However, the mere declaration of a little ignorant girl could not suffice to establish a fact so entirely out of the ordinary course of things. Stronger proofs were necessary than the word of a child.
Besides, what was the nature of this Apparition, even granting its reality? Was it a spirit of light, or an angel from the abyss? Was it not some soul in a state of suffering wandering to and fro and demanding the prayers of others? Or further, such or such a one who had died long ago in the country in the odor of piety, and whose glory was now being made manifest? Faith and superstition–each proposed their hypotheses.

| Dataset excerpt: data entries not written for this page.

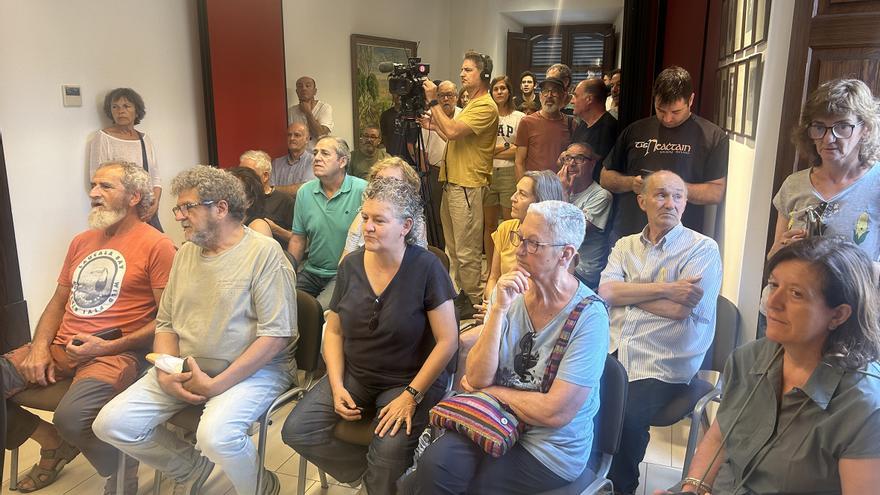 Binissalem aprueba el segundo polígono en un tenso pleno con decenas de vecinos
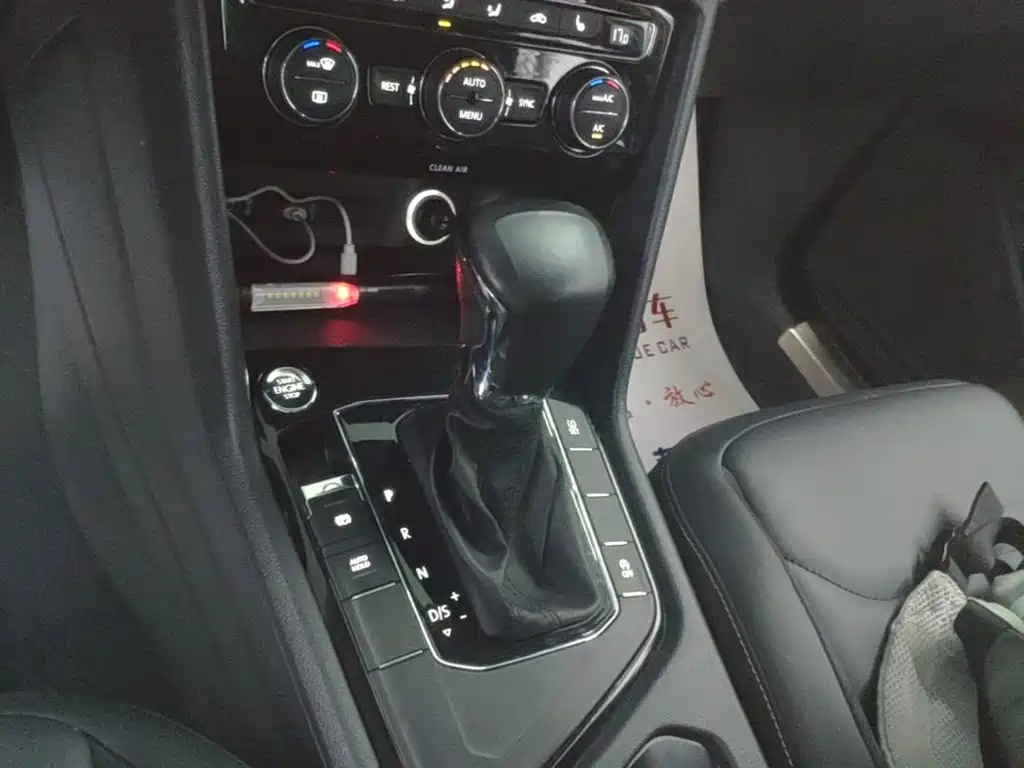 Volkswagen Tiguan L 2018 — фото 14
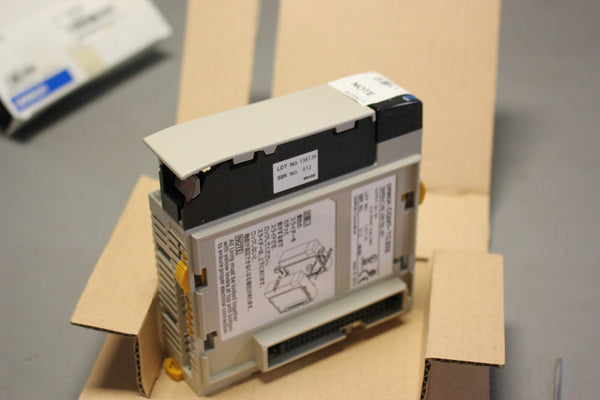 NEW OMRON TEMPERATURE CONTROL UNIT PLC MODULE  CQM1-TC202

Might it have been the funereal ceremonies of Ash-Wednesday which served to incline a young girl and a lady of Lourdes to one of these solutions? Did the glittering whiteness of the attire of the Apparition suggest to their minds the idea of a shroud and a phantom? We know not. The young girl was called Antoinette Peyret, a member of the Congregation of the Children of Mary; the other was Madame Millet.
“It is doubtless some soul from Purgatory which entreats for Masses,” thought they.
And they went in search of Bernadette.
“Ask this Lady who she is and what she wishes,” said they to her. “Let her explain this to you, or, as you may not be able to understand her well, let her commit it to writing, which would be still better.”
Bernadette, who was strongly urged by some internal impulse to re-visit the Grotto, obtained fresh permission from her parents, and the following morning at about six o’clock, with the break of dawn, after having assisted in the church at the half-past five o'clock Mass, she proceeded in the direction of the Grotto, accompanied by Antoinette Peyret and Madam Millet.